**Data to examine:**
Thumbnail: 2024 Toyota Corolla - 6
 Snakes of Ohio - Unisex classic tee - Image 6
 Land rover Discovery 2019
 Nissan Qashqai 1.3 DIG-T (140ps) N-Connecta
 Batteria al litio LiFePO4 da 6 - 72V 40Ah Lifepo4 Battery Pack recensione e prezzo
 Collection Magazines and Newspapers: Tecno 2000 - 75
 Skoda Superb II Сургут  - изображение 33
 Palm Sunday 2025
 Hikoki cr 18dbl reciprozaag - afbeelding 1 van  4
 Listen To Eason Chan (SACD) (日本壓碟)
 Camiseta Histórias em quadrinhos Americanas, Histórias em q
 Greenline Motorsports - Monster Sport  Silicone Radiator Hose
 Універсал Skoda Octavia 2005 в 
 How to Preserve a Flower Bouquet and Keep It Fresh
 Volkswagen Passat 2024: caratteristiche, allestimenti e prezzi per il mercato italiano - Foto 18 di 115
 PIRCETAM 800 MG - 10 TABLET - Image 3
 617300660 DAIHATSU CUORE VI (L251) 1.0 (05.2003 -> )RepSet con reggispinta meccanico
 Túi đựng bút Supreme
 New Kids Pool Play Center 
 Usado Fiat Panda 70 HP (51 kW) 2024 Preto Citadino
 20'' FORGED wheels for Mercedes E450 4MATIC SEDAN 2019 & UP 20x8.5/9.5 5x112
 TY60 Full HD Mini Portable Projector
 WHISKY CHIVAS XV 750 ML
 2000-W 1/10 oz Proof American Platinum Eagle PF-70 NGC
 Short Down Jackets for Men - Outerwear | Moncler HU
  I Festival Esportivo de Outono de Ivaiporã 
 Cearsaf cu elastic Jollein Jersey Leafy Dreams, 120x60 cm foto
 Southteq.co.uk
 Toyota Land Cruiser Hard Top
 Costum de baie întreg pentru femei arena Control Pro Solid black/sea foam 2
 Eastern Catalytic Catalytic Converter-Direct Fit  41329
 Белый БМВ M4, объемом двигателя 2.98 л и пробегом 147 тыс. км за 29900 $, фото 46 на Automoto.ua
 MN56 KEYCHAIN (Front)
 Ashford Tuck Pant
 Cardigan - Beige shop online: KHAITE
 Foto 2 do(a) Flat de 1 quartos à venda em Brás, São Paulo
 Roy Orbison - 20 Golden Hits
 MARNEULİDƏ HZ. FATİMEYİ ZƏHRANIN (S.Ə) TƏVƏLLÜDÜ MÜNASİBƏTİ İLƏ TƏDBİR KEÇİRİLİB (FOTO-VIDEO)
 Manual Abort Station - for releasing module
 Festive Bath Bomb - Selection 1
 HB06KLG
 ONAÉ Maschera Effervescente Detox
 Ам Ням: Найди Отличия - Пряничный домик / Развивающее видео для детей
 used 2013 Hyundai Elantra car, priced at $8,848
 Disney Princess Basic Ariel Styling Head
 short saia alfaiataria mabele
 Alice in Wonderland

**What is needed:** Above are records; repeat only the lines starting at the line with "Roy Orbison - 20 Golden Hits" and ending at the line with "ONAÉ Maschera Effervescente Detox", exactly as they appear, both included.

**Exercise output:**
 Roy Orbison - 20 Golden Hits
 MARNEULİDƏ HZ. FATİMEYİ ZƏHRANIN (S.Ə) TƏVƏLLÜDÜ MÜNASİBƏTİ İLƏ TƏDBİR KEÇİRİLİB (FOTO-VIDEO)
 Manual Abort Station - for releasing module
 Festive Bath Bomb - Selection 1
 HB06KLG
 ONAÉ Maschera Effervescente Detox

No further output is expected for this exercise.